*WHAT TO DO*
In the entries that follow, the line with "Butter zusammengebackenes Brot" opens the range and the line with "ebagos エバゴス レース装飾 ワンハンドル バスケットバッグ" closes it; repeat that range exactly, both lines included.

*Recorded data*
Segment Open

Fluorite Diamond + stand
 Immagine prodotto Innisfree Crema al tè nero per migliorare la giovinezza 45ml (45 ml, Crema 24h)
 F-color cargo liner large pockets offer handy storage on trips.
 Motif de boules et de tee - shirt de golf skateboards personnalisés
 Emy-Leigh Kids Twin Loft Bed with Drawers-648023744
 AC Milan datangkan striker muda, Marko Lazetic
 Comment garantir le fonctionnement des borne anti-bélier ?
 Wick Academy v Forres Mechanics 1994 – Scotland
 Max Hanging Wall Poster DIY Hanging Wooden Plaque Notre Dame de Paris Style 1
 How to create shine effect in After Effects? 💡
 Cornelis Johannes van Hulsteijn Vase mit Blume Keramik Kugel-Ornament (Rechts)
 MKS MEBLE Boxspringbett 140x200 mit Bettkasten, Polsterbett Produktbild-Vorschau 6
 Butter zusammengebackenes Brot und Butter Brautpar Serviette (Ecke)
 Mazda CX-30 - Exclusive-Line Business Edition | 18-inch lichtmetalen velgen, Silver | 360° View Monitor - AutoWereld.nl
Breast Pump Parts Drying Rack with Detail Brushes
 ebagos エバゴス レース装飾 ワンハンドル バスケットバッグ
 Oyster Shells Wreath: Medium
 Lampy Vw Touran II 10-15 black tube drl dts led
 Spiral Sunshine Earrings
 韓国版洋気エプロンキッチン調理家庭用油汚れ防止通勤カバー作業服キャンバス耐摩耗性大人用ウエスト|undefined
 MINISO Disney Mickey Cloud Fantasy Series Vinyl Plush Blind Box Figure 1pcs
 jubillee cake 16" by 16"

Segment Closed

*TASK RESULT*
 Butter zusammengebackenes Brot und Butter Brautpar Serviette (Ecke)
 Mazda CX-30 - Exclusive-Line Business Edition | 18-inch lichtmetalen velgen, Silver | 360° View Monitor - AutoWereld.nl
Breast Pump Parts Drying Rack with Detail Brushes
 ebagos エバゴス レース装飾 ワンハンドル バスケットバッグ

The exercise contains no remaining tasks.